Specific parts of the documentation for a module or method may be retrieved individually using the functions available in Deobfuscator.pm. See that module for details.

While going through and trying to parse each module, deob_index.pl also reports what pieces of the documentation it can't find. For example, if a method's documentation doesn't describe the data type it returns, this script logs that information to a file. This type of automated documentation- checking could be used to standardize and improve the documentation in BioPerl.
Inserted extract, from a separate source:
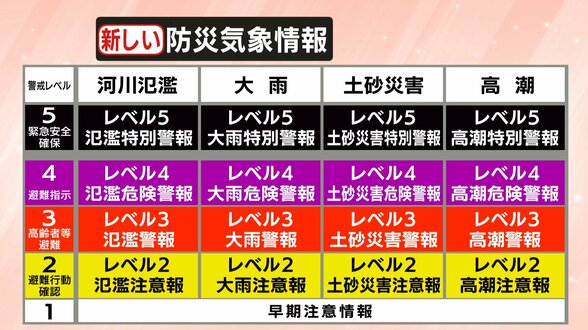 ポイントは「レベル」と「色」　【新たな防災気象情報】詳しく解説　あす28日午後から提供が始まる　土砂災害や河川の氾濫に関する情報も変わる　|　SBC NEWS | 長野のニュース | SBC信越放送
deob_index.pl creates four files:

package_list.txt

A plaintext file listing each package found in the BioPerl directory that was searched. Packages are listed by their module names, such as 'Bio::SeqIO'. This file is used by deob_interface.cgi.

packages.db

A Berkeley DB, which stores package-level documentation, such as the synopsis and the description. Each key is a package name, e.g. "Bio::SeqIO", and each value string is composed of the individual pieces of the documentation kept separate by unique string record separators. The individual pieces of documentation are pulled out of the string using the get_pkg_docs function in Deobfuscator.pm. See that package for details.

methods.db

Like packages.db, methods.db is also a Berkeley DB, except it stores various pieces of information about individual methods available to a class. Each method might have documentation about its usage, its arguments, its return values, an example, and a description of its function.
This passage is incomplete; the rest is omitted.